*** Exercise input ***

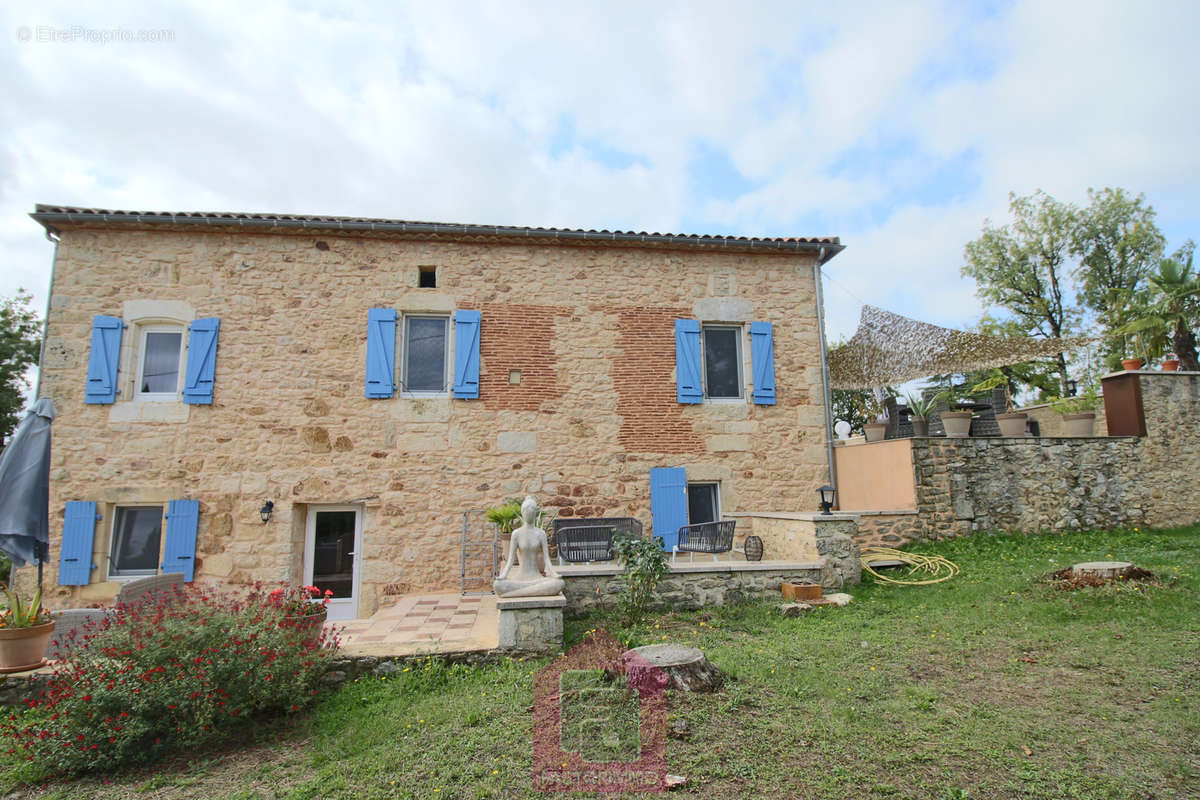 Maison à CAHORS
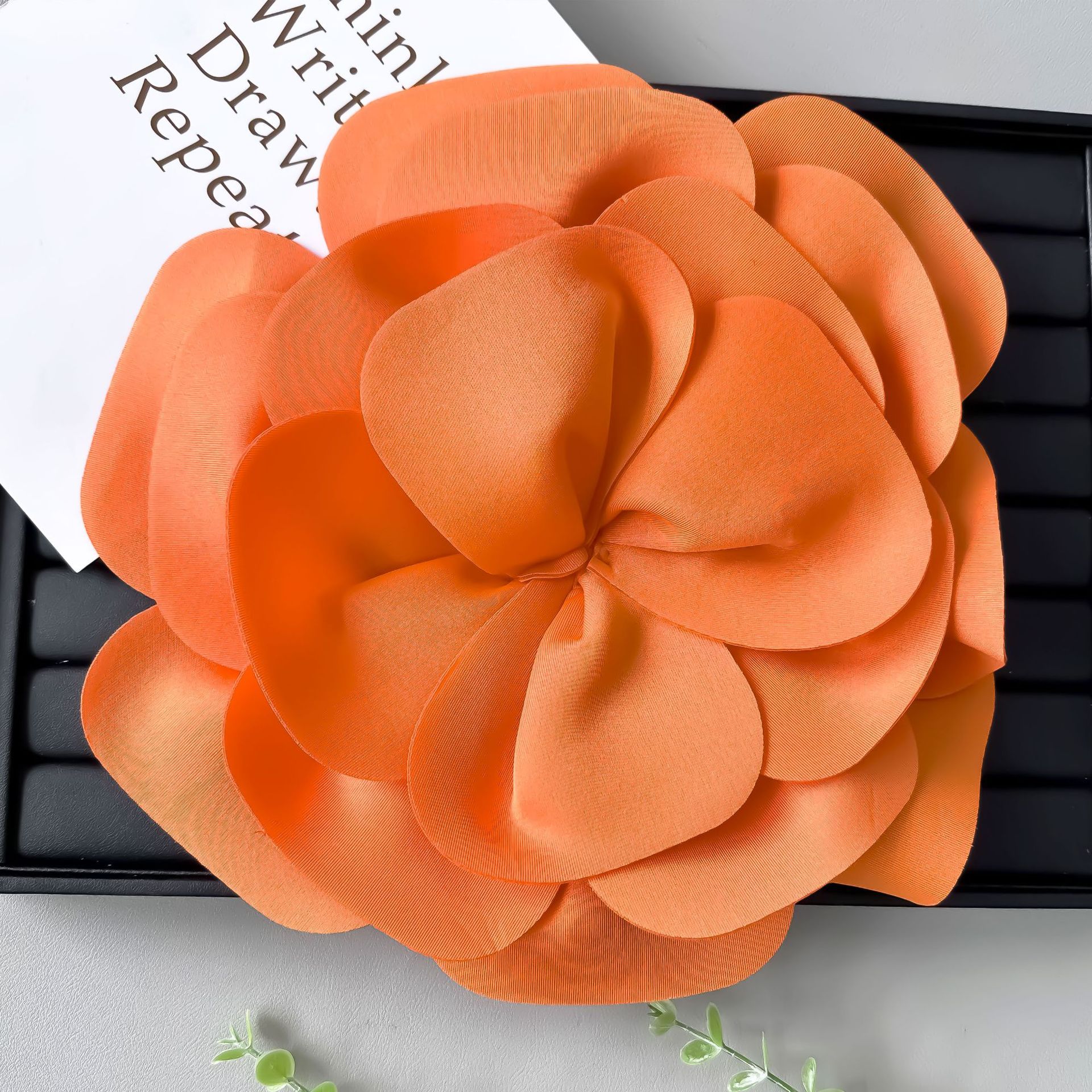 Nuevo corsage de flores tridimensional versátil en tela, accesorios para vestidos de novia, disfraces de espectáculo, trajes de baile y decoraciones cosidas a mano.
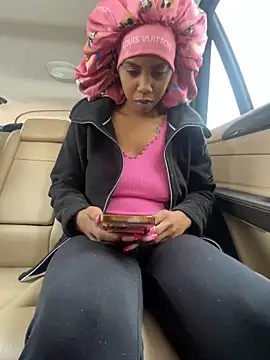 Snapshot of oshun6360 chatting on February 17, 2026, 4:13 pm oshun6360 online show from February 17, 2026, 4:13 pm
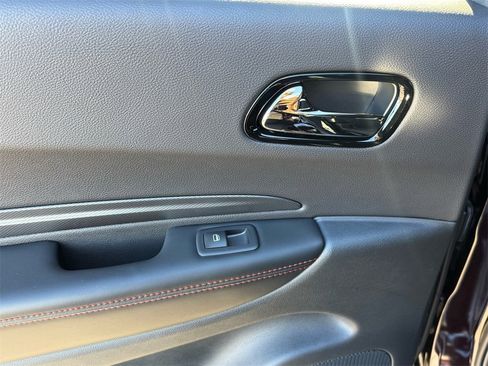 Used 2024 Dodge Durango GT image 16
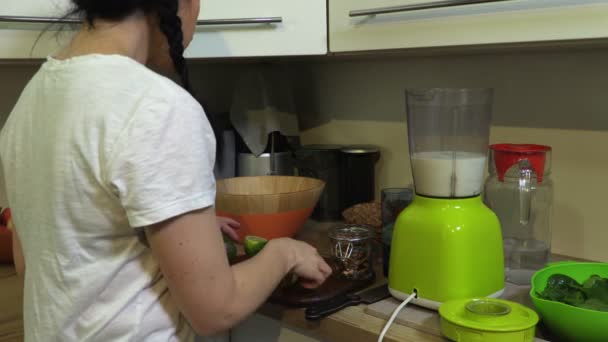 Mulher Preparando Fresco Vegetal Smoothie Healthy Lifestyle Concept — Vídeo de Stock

***

What to work on
The reply needs to repeat exactly the line containing "Nuevo corsage de" and each line after it, through the final line of the entries above, and to skip the pictures.

Response to this exercise
 Nuevo corsage de flores tridimensional versátil en tela, accesorios para vestidos de novia, disfraces de espectáculo, trajes de baile y decoraciones cosidas a mano.
 Snapshot of oshun6360 chatting on February 17, 2026, 4:13 pm oshun6360 online show from February 17, 2026, 4:13 pm
 Used 2024 Dodge Durango GT image 16
 Mulher Preparando Fresco Vegetal Smoothie Healthy Lifestyle Concept — Vídeo de Stock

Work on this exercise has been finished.